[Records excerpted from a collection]
⁂
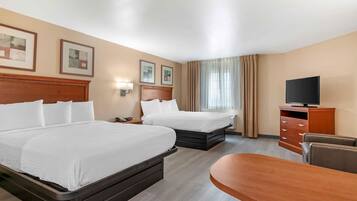 Habitación de hotel con dos camas, televisión, escritorio y una silla.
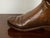 An English copper umbrella stand from the mid 20th century, depicting a boot. Created in England during the Midcentury...
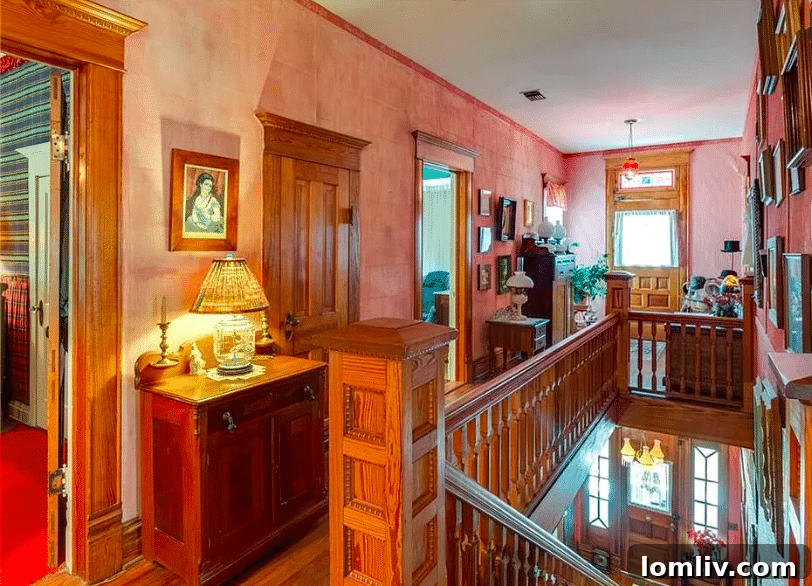 Entrance foyer of the Hood Home with a grand staircase and historic details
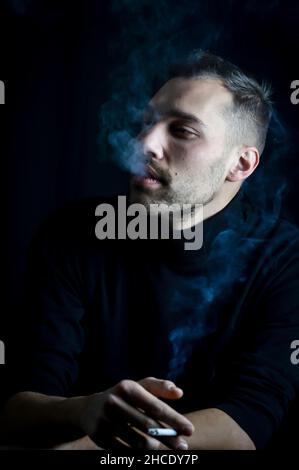 portrait of a young man who smokes a cigarette and is enveloped in swirls of smoke Stock Photo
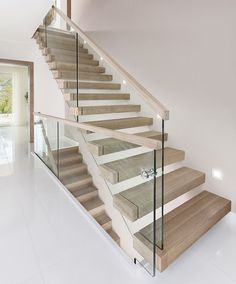 a staircase with glass railing and wooden handrail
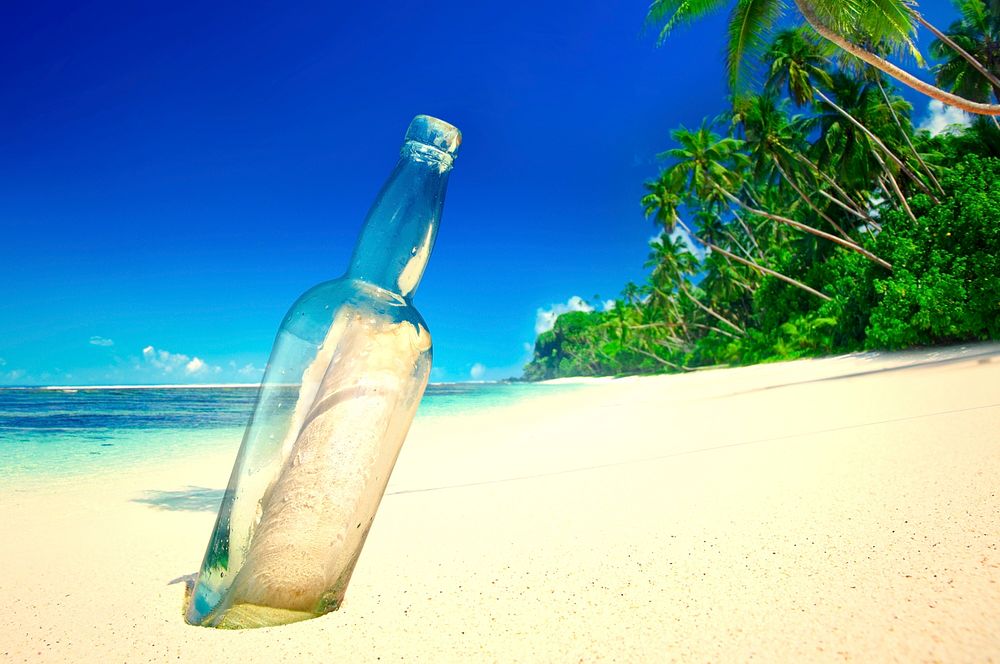 Message in a bottle at a tropical beach on Samoa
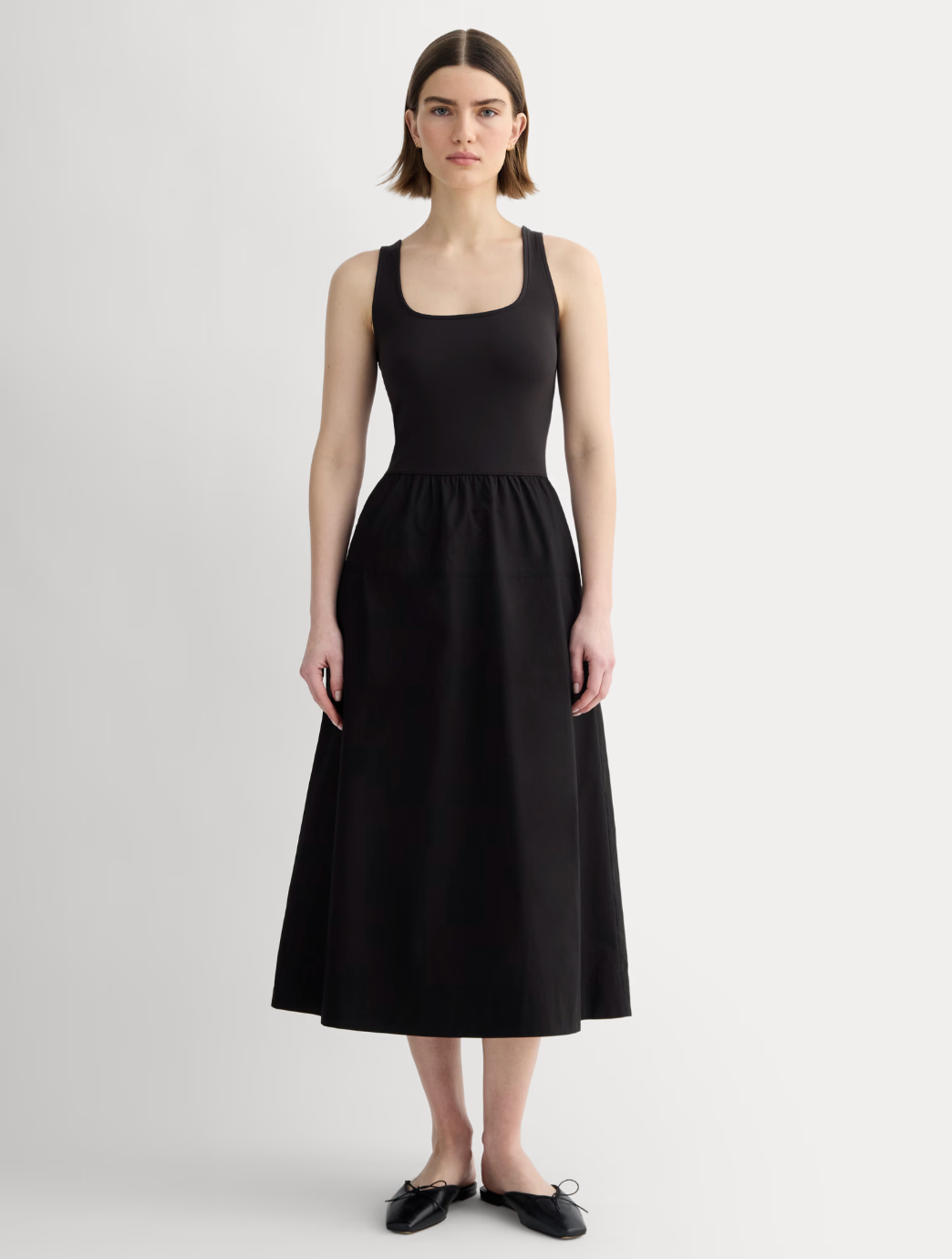 Person wearing a sleeveless black dress and black ballet flats poses against a plain background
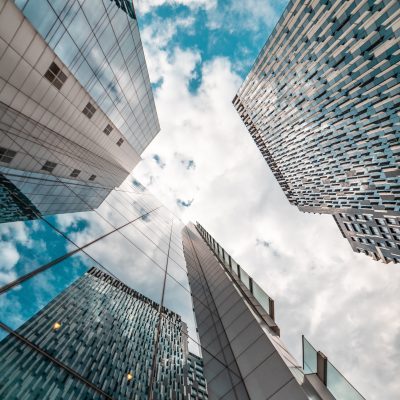 A photo looking up at the sky between three skyscrapers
⁂
▸ **INSTRUCTIONS FOR THE TASK**
Starting with the line that has "Message in a" and ending with the last line of the records, retype every line exactly and only those lines. Do not include the pictures.

▸ **RESPONSE AREA**
 Message in a bottle at a tropical beach on Samoa
 Person wearing a sleeveless black dress and black ballet flats poses against a plain background
 A photo looking up at the sky between three skyscrapers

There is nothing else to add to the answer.